● Problem to solve:
Reproduce every line below exactly as written; do not include the images.

● Exercise data:
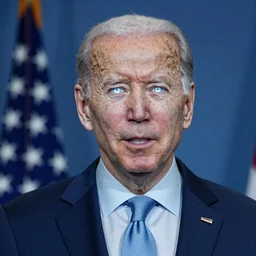joe biden with white glowing eyes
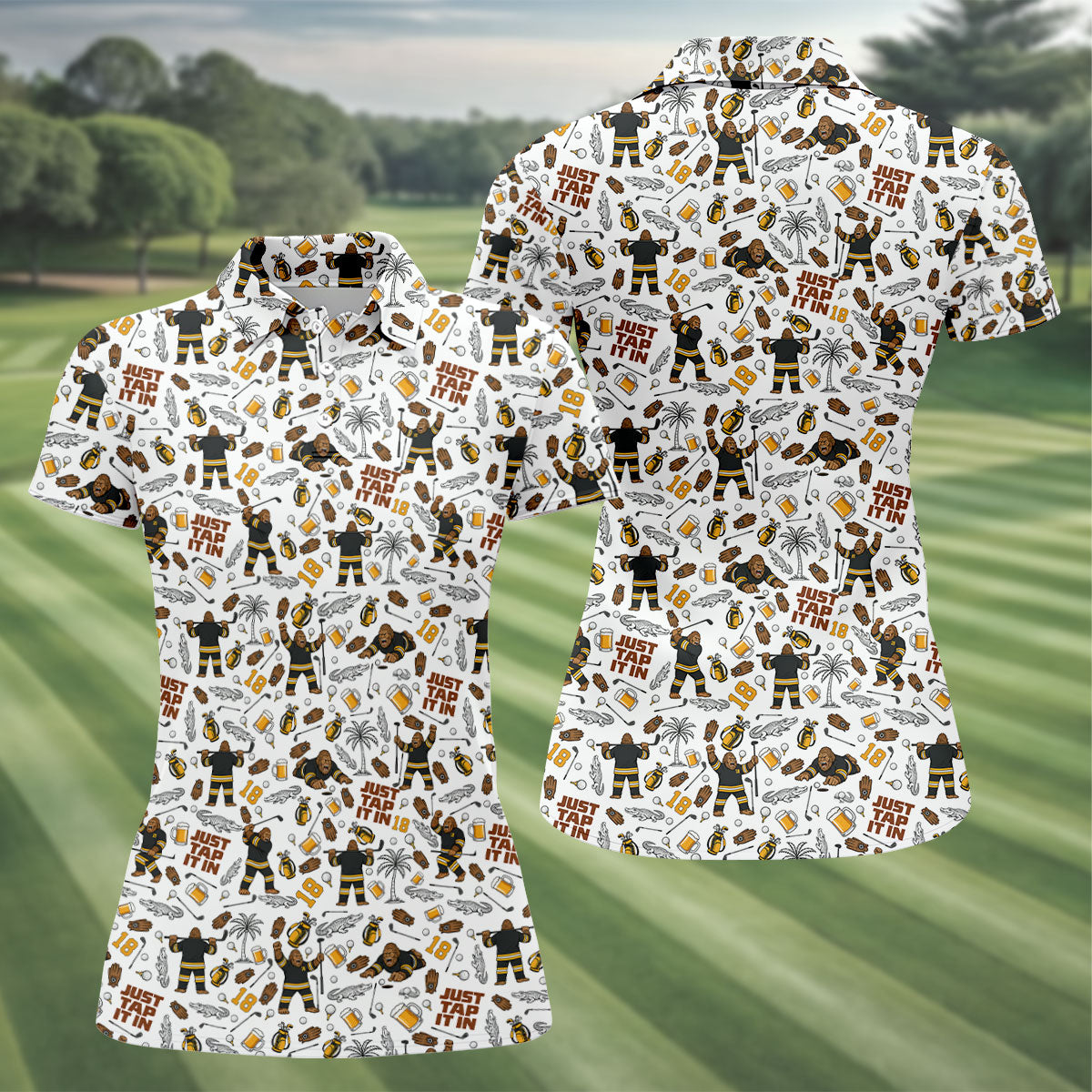 Funny Just Tap It In Bigfoot Golf Polo Shirt, Hawaiian Golf Shirt, Women's Golf Tops
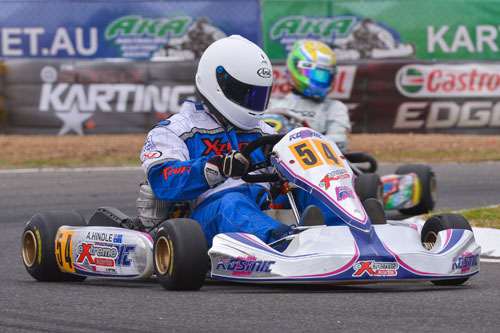 Aaron Hindle in action during round two of the CIK Stars of Karting Series (Pic: AF Images/Budd)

● Exercise output:
joe biden with white glowing eyes
 Funny Just Tap It In Bigfoot Golf Polo Shirt, Hawaiian Golf Shirt, Women's Golf Tops
 Aaron Hindle in action during round two of the CIK Stars of Karting Series (Pic: AF Images/Budd)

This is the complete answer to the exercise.